Generation and Disposition

POSIX specifies that, the signal disposition is the property of the (entire) process, whereas signal masks are the properties of threads. It's a guess of mine that, this is the compromise between:

  1. existing multi-process semantic, where signals are sent between processes, rather than sent specifically to certain threads with a process.

  2. existing practice with thread implementations, as well as their lack of commonality.

  3. compatibility with the POSIX Realtime extensions.

In Linux, there's the clone(2) system call where the sharing of signal disposition and related facilities can be customized. But the standard developers obviously don't yet see a need to include such capability in the standard, as it doesn't appear to achieve something that cannot be achieved with existing standard facilities.

The traditional way of catching signals, is through registering a callback that will be invoked when a signal is received.

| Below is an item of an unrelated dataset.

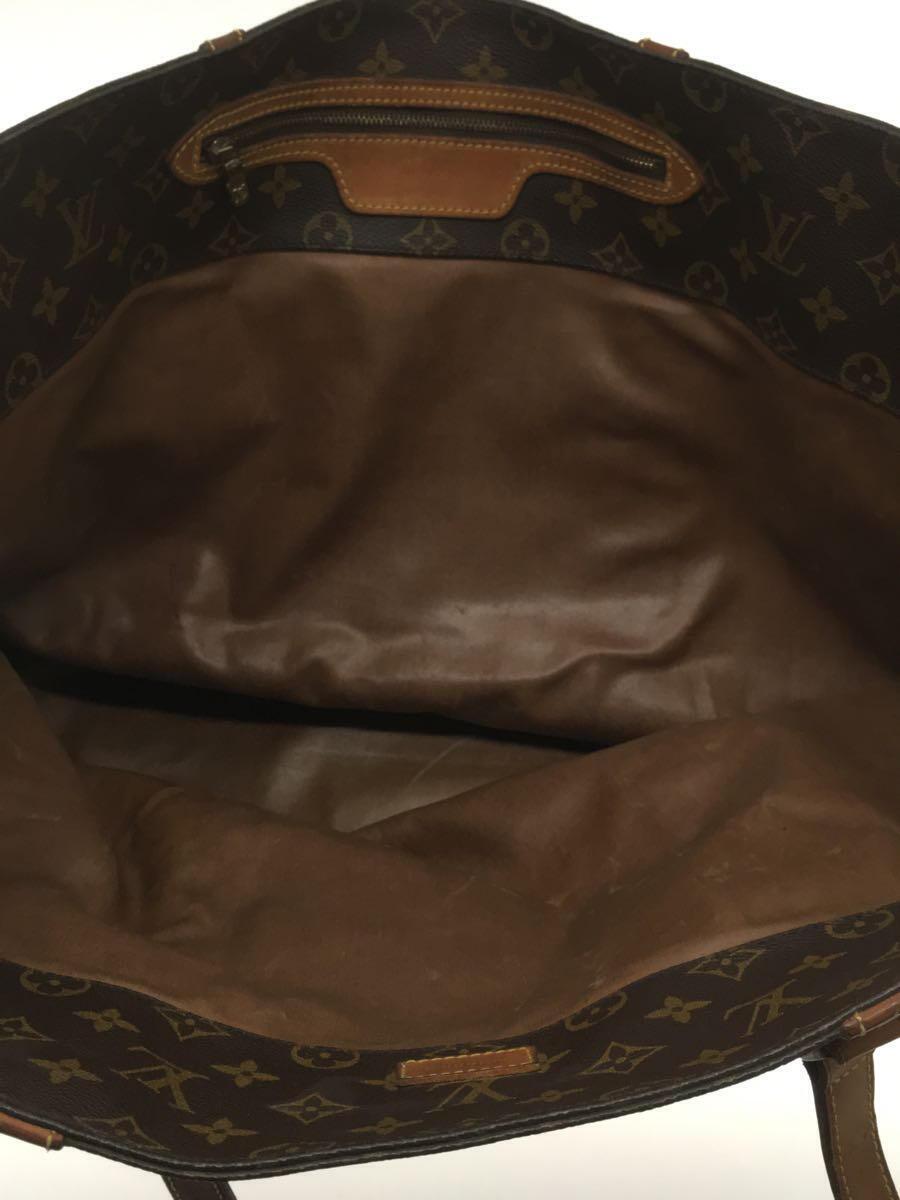 LOUIS VUITTON◆サック・ショッピングGM_モノグラム・キャンバス_BRW/PVC/BRW_画像6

Most signals can be blocked with the use of signal masks. These closely resemble the underlying hardware where an interrupt vector is supplied to the interrupt controller, and some hardware traps can be masked in hardware-specific ways.

Another way of receiving signals is sigwait(2) functions from the POSIX Realtime extensions. The rationale from the standard says:

Existing programming practice on realtime systems uses the ability to pause waiting for a selected set of events and handle the first event that occurs in-line instead of in a signal-handling function. This allows applications to be written in an event-directed style similar to a state machine. This style of programming is useful for largescale transaction processing in which the overall throughput of an application and the ability to clearly track states are more important than the ability to minimize the response time of individual event handling.

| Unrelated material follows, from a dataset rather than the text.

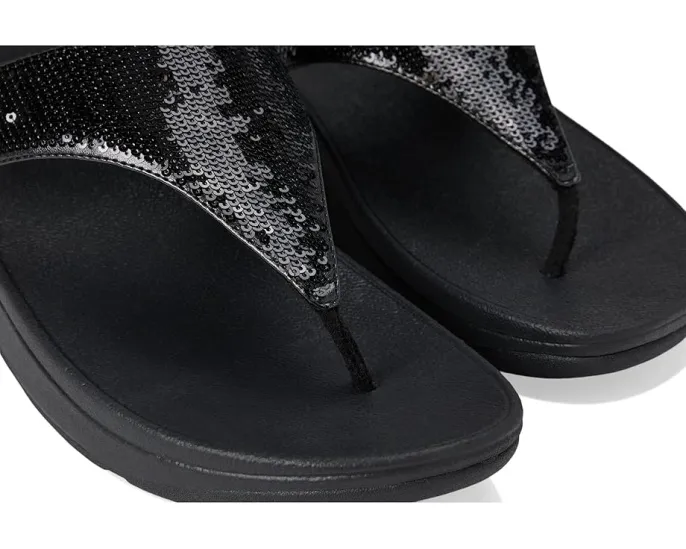 Блестящие сандалии FitFlop Lulu с микровобблбордом и стразами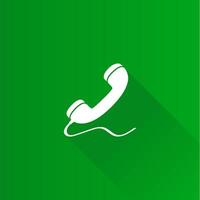 Wireless phone flat color icon long shadow vector illustration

The traditional kill(2) and killpg(2) system calls are used for generate signals for processes and group of processes. With threads, a new pthread_kill(3) is introduced. Other means of generating signals include asynchronous I/O notifications, sigqueue(2). Many are too from the POSIX Realtime extensions.

Async-Signal Safety

Async-signal safety is a confusing concept used both within the context of signal handling function, as well as fork(2) in multi-threaded applications. But it's nontheless easy to comprehend.

Async-signal safe functions is a set of functions prescribed by the standard as being able to be called without restriction from signal-catching functions.

The words "can be called from signal-catching function without restriction" does not explain how this list is prescribed, nor does it describe why they're safe to call after fork(2) and before exec, or in at-fork handlers.

In https://man7.org/linux/man-pages/man7/signal-safety.7.html an example based on the stdio library is given to illustrate the problem with unsafe functions. In essence, an stdio function that's updating a FILE* stream may be interrupted in such way that, leaves the state of the stream inconsistent and unusable, in such way that the behavior of a subsequent call on this stream will be undefined.

To see how this differs from thread safety:

  1. the "unsafe factors" within thread safety a) exists due to concurrent access to shared resources, and b) can be resolved through the use of synchronization objects such as mutexes.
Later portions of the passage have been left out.